**Work to complete**
Nothing outside the stretch is wanted. Repeat exactly the lines of the listing below from the one that contains "World&#039;s bigger yacht, &amp;quot;Eclipse&amp;quot;" through the one that contains "Building Photo - Two-Bedroom House", both ends included.

*** Opening of Supplied entries ***

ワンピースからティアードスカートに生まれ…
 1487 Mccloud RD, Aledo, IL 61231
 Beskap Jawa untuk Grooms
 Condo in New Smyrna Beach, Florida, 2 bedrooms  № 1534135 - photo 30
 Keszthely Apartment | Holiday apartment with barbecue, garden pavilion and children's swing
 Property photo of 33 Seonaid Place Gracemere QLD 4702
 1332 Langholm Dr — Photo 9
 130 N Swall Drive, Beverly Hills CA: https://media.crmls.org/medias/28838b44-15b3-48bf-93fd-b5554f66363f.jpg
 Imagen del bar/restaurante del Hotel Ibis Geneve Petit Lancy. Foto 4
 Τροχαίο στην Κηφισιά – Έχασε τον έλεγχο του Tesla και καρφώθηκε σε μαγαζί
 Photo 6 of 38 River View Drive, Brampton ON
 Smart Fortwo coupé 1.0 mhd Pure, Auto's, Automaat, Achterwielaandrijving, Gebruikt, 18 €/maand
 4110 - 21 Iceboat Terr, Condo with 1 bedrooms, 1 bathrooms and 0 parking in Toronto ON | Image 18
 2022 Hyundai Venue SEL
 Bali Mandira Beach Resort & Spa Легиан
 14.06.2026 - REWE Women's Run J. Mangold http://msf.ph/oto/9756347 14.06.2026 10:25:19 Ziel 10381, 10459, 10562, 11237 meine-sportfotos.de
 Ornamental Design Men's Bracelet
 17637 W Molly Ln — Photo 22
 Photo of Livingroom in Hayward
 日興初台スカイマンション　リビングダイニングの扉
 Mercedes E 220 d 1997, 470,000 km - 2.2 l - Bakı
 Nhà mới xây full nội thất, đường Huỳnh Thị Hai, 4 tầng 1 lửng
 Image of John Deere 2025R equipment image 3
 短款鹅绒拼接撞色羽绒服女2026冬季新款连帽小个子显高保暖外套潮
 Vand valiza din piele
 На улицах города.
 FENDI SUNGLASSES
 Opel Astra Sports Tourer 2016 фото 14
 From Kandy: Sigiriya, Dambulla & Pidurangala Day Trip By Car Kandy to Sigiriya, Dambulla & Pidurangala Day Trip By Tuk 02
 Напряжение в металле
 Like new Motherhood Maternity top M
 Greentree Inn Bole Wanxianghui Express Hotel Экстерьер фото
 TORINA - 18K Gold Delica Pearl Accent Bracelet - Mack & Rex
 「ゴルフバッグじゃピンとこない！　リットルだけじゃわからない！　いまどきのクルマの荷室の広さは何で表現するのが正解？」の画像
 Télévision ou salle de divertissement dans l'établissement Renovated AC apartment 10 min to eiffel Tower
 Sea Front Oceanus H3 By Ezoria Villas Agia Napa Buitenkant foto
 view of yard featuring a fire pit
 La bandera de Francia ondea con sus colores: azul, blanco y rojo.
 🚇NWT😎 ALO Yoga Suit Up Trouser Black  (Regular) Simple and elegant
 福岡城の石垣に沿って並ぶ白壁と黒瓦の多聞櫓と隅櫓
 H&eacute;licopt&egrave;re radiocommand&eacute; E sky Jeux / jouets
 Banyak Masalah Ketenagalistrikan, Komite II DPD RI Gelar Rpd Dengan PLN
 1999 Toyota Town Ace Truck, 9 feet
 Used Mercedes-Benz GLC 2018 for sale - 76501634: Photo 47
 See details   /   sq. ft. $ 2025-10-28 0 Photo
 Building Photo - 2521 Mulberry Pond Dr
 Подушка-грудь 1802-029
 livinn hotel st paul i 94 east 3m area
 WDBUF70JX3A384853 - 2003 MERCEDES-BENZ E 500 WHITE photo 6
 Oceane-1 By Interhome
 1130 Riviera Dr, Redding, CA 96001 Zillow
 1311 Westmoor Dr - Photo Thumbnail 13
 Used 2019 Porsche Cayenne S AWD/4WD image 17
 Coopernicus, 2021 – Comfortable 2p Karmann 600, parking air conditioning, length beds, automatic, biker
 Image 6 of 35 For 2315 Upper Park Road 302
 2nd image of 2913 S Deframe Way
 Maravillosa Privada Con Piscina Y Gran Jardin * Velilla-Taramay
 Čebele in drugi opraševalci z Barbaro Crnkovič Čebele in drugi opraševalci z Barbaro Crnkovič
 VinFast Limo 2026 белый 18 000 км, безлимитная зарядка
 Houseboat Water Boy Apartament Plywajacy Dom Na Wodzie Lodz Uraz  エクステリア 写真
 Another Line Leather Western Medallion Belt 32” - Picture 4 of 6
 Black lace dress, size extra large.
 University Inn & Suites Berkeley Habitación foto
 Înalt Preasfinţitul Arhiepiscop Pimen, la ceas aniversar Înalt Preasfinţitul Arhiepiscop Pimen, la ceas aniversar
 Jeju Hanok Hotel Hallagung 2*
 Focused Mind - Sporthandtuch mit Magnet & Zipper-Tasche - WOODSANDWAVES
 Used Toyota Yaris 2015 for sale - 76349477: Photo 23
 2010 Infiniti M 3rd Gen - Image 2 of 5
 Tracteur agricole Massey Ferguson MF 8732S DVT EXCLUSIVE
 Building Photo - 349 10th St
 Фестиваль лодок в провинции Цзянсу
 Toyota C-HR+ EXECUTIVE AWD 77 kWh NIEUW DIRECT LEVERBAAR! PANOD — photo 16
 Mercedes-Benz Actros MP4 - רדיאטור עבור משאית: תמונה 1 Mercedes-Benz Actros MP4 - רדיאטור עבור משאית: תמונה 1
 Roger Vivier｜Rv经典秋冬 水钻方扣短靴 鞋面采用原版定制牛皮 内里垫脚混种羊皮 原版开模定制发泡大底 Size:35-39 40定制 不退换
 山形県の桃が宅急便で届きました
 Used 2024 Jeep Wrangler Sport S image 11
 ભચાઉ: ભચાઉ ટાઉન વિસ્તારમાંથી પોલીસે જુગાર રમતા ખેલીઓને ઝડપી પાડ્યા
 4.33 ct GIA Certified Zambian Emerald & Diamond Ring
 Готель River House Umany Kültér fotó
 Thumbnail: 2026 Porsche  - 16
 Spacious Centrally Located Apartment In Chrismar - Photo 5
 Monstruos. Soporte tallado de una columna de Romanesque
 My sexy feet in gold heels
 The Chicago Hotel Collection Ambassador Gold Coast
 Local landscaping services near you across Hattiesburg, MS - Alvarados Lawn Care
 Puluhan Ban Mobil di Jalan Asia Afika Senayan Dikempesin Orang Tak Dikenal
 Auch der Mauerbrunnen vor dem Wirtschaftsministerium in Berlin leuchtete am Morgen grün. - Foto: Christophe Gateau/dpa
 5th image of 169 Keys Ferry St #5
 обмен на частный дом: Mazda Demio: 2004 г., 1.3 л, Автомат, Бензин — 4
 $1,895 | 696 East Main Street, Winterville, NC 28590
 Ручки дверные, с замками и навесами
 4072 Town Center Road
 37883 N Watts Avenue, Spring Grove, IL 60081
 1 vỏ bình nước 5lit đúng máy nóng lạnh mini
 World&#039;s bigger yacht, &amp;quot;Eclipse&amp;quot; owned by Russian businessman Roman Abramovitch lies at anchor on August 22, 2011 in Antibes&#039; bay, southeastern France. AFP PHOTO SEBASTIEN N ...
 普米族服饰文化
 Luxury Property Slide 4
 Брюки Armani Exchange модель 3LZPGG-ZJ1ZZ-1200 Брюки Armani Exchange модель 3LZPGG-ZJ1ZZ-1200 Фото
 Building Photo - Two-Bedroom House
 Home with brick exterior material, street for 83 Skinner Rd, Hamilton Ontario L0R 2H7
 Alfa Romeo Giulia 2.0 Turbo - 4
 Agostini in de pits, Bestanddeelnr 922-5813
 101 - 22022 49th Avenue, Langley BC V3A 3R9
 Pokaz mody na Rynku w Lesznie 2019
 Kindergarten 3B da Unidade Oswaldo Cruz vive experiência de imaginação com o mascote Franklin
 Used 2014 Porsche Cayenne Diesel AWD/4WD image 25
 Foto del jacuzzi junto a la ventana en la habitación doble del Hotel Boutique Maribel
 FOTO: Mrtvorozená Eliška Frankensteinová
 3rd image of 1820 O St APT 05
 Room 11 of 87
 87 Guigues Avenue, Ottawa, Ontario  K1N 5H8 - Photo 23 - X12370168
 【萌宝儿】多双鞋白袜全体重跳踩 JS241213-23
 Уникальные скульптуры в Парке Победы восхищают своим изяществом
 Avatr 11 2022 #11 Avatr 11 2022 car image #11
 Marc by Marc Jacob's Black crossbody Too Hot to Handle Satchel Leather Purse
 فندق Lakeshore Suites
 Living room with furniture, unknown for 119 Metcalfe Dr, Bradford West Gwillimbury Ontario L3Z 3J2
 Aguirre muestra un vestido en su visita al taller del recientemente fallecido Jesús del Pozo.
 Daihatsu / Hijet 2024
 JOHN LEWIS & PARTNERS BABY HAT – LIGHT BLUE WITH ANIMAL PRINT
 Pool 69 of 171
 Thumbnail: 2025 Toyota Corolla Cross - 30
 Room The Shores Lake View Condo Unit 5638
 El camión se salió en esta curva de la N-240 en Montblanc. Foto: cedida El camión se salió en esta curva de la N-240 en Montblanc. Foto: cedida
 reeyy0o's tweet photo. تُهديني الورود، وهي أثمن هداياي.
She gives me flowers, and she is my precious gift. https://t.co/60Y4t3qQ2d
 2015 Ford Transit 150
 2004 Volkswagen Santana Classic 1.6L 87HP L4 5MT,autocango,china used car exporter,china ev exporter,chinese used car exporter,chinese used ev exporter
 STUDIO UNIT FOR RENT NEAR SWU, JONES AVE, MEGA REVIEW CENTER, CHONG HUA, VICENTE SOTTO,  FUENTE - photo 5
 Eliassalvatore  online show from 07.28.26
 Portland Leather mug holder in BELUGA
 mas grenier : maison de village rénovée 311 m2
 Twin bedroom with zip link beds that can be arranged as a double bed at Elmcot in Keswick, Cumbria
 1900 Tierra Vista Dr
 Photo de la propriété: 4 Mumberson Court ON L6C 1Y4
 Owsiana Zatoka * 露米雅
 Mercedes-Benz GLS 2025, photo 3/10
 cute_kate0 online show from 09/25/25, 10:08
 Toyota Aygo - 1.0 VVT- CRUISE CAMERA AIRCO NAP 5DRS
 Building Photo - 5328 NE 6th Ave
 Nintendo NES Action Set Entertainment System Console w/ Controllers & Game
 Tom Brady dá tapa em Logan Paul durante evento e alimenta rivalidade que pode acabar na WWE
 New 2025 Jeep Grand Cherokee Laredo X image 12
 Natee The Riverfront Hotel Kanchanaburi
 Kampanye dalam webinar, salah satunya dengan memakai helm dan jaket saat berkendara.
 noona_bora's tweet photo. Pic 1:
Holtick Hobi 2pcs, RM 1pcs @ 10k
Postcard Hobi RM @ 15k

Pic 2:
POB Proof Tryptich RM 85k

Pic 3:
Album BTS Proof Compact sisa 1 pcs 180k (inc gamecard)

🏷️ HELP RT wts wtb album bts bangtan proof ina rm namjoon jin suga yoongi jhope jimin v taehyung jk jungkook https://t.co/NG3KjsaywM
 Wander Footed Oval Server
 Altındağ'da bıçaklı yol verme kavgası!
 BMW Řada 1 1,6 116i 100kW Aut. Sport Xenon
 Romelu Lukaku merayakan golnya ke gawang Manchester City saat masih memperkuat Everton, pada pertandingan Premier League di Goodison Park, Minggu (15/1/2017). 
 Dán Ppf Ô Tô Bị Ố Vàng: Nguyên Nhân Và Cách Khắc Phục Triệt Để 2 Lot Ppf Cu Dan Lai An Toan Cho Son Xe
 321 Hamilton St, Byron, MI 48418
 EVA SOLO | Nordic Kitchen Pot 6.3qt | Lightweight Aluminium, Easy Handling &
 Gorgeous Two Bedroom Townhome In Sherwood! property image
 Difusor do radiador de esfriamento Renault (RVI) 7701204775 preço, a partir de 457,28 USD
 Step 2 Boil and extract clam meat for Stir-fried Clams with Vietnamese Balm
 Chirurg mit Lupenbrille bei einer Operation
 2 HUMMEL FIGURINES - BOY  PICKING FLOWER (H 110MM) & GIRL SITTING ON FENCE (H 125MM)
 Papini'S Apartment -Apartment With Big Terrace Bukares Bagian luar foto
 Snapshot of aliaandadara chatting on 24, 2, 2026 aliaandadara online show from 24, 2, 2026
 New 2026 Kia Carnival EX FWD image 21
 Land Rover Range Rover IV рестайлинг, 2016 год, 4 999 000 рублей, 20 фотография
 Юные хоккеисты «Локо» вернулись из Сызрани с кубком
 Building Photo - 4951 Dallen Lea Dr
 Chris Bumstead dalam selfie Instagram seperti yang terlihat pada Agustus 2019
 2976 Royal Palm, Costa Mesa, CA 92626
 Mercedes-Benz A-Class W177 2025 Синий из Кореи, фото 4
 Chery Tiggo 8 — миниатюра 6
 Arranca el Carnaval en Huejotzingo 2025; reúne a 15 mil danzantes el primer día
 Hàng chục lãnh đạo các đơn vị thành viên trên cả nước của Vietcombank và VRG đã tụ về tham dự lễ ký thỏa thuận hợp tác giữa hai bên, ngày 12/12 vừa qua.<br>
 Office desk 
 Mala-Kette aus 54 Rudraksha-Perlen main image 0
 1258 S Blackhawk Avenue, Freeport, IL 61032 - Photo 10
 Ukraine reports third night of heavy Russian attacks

*** Close of Supplied entries ***

**Solution**
 World&#039;s bigger yacht, &amp;quot;Eclipse&amp;quot; owned by Russian businessman Roman Abramovitch lies at anchor on August 22, 2011 in Antibes&#039; bay, southeastern France. AFP PHOTO SEBASTIEN N ...
 普米族服饰文化
 Luxury Property Slide 4
 Брюки Armani Exchange модель 3LZPGG-ZJ1ZZ-1200 Брюки Armani Exchange модель 3LZPGG-ZJ1ZZ-1200 Фото
 Building Photo - Two-Bedroom House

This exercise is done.